AI・ロボットとシェアリングエコノミーは、どうも別々に議論されているようである。しかし、この2つを一緒に見れば、将来の新しい社会が具体的にイメージできる。

 

まず、よく聞く意見として、AI・ロボットは人々の仕事を奪うとして、恐怖感をあおるようなものがある。しかし、よく考えるとこれはおかしい。AI・ロボットが人間がやるべき仕事をやってくれるのであれば、私たちはどんどん楽になるはずではないか。

 

私たち人間が行ってる仕事の半分をAIやロボットがやってくれるならば、単純に考えて、いまの半分の仕事で同じ生活水準が保てるはずだ。しかし、そうならないのには理由がある。それは現在の社会経済システムの問題だ。

 

少なくなった仕事をみんなでシェアすればよいのに、なぜか少なくなった仕事の奪い合いになって、勝ち組と負け組の間で経済格差がどんどん開いてしまうというわけである。つまり、せっかく全体としての富が増えても、その分配がゼロサムゲームになってしまい、豊かな人と貧しい人というように2極化してしまうわけである。これは、現在のモノやコトの所有を基礎とする資本主義経済が理由である。

 

そこで登場するのがシェアリング・エコノミーである。これは人々がモノやコトを所有するのをやめ、共有財産として必要に応じてシェアしようという経済である。シェアリング・エコノミーが普及すれば、人々が何かを所有しようと躍起になり、いったん所有したらシェアしないで独り占めしようとするマインドセットを変革することになる。

 

AI・ロボットが人間が行う仕事をどんどんとやるようになる。

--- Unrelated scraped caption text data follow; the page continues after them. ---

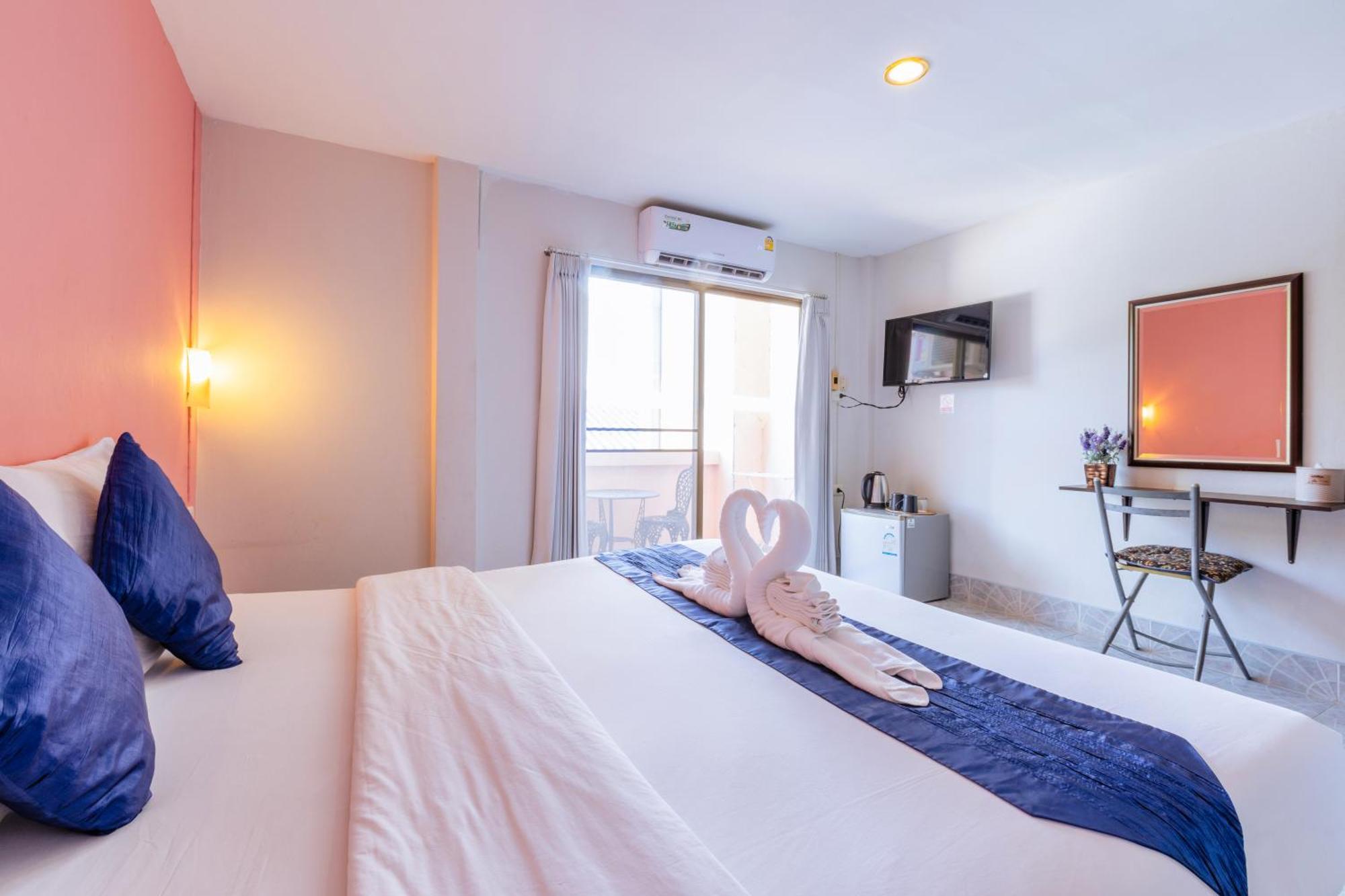 Hua Hin Star Hotel Ngoại thất bức ảnh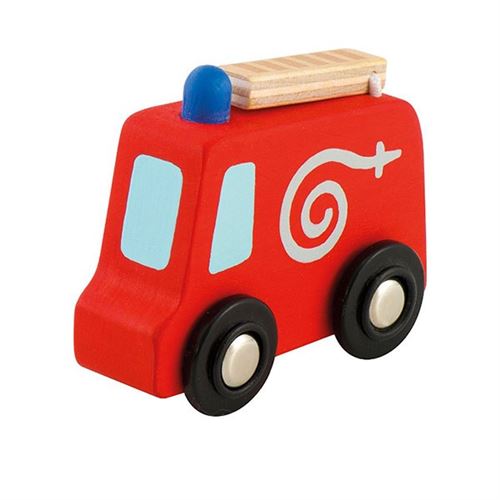 Sevi Mini Fire Red 7cm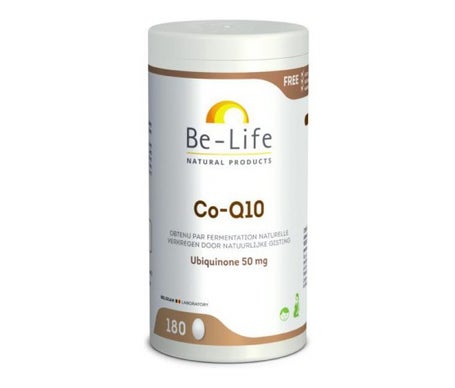 Be-Life Co-Q10 180caps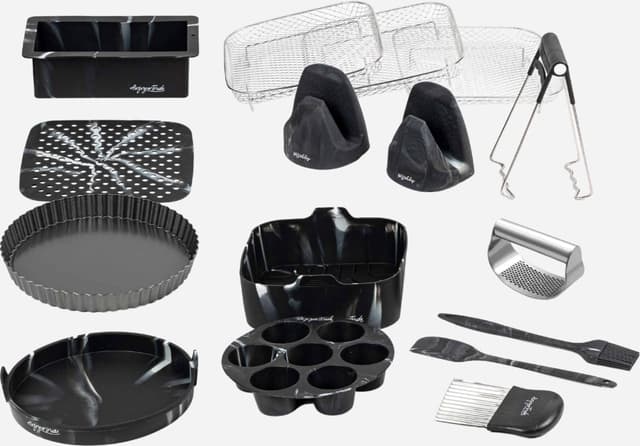 Panetti Trude tillbehör för airfryer AIRTRU13PPAN (13-pack)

そうして、社会の富の多くがAI・ロボットによって生み出される。人間は、そうして生み出された富を所有したいものが競うことで勝者と弱者を生み出すのではなく、共同所有にしてみんなで仲良くシェアするのである。

 

モノやコトをシェアするために、国民はいったん所有権を国に差し出し、国が共有財産として管理する。そして、必要に応じて国民が相互扶助の精神でシェアしあう社会を作っていくというわけだ。もし、国が豊かでなければ、忙しいのにそのうえ相互扶助なんてという文句が聞こえてくるかもしれないが、そもそもそんなに働かなくてもAI・ロボットの活躍で富がどんどん増えていく社会なのだから、シェアを基本とする相互扶助も抵抗なくできるはずである。財産の共有化を基本とするシェアリングエコノミーを進歩させるのがAI・ロボットなわけである。